Messages received by a replica may be marked with an special flag that indicates the message is permanent. Custom replicated applications will receive notification of this flag via the DB_REP_ISPERM return value from the method. There is no hard requirement that a replication application look for, or respond to, this return code. However, because robust replicated applications typically do manage permanent messages, we introduce the concept here.
A message is marked as being permanent if the message affects transactional integrity. For example, transaction commit messages are an example of a message that is marked permanent. What the application does about the permanent message is driven by the durability guarantees required by the application.
For example, consider what the replication framework does when it has permanent message handling turned on and a transactional commit record is sent to the replicas.

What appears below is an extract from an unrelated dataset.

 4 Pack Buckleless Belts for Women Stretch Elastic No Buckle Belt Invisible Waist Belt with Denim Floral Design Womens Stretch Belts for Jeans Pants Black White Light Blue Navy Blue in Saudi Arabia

First, the replicas must transactional-commit the data modifications identified by the message. And then, upon a successful commit, the replication framework sends the master a message acknowledgment.
For the master (again, using the replication framework), things are a little more complicated than simple message acknowledgment. Usually in a replicated application, the master commits transactions asynchronously; that is, the commit operation does not block waiting for log data to be flushed to disk before returning. So when a master is managing permanent messages, it typically blocks the committing thread immediately before commit() returns. The thread then waits for acknowledgments from its replicas. If it receives enough acknowledgments, it continues to operate as normal.
If the master does not receive message acknowledgments — or, more likely, it does not receive enough acknowledgments — the committing thread flushes its log data to disk and then continues operations as normal. The master application can do this because replicas that fail to handle a message, for whatever reason, will eventually catch up to the master. So by flushing the transaction logs to disk, the master is ensuring that the data modifications have made it to stable storage in one location (its own hard drive).
There are two reasons why you might choose to not implement permanent messages. In part, these go to why you are using replication in the first place.
One class of applications uses replication so that the application can improve transaction through-put. Essentially, the application chooses a reduced transactional durability guarantee so as to avoid the overhead forced by the disk I/O required to flush transaction logs to disk. However, the application can then regain that durability guarantee to a certain degree by replicating the commit to some number of replicas.
Using replication to improve an application's transactional commit guarantee is called replicating to the network.
In extreme cases where performance is of critical importance to the application, the master might choose to both use asynchronous commits and decide not to wait for message acknowledgments. In this case the master is simply broadcasting its commit activities to its replicas without waiting for any sort of a reply. An application like this might also choose to use something other than TCP/IP for its network communications since that protocol involves a fair amount of packet acknowledgment all on its own. Of course, this sort of an application should also be very sure about the reliability of both its network and the machines that are hosting its replicas.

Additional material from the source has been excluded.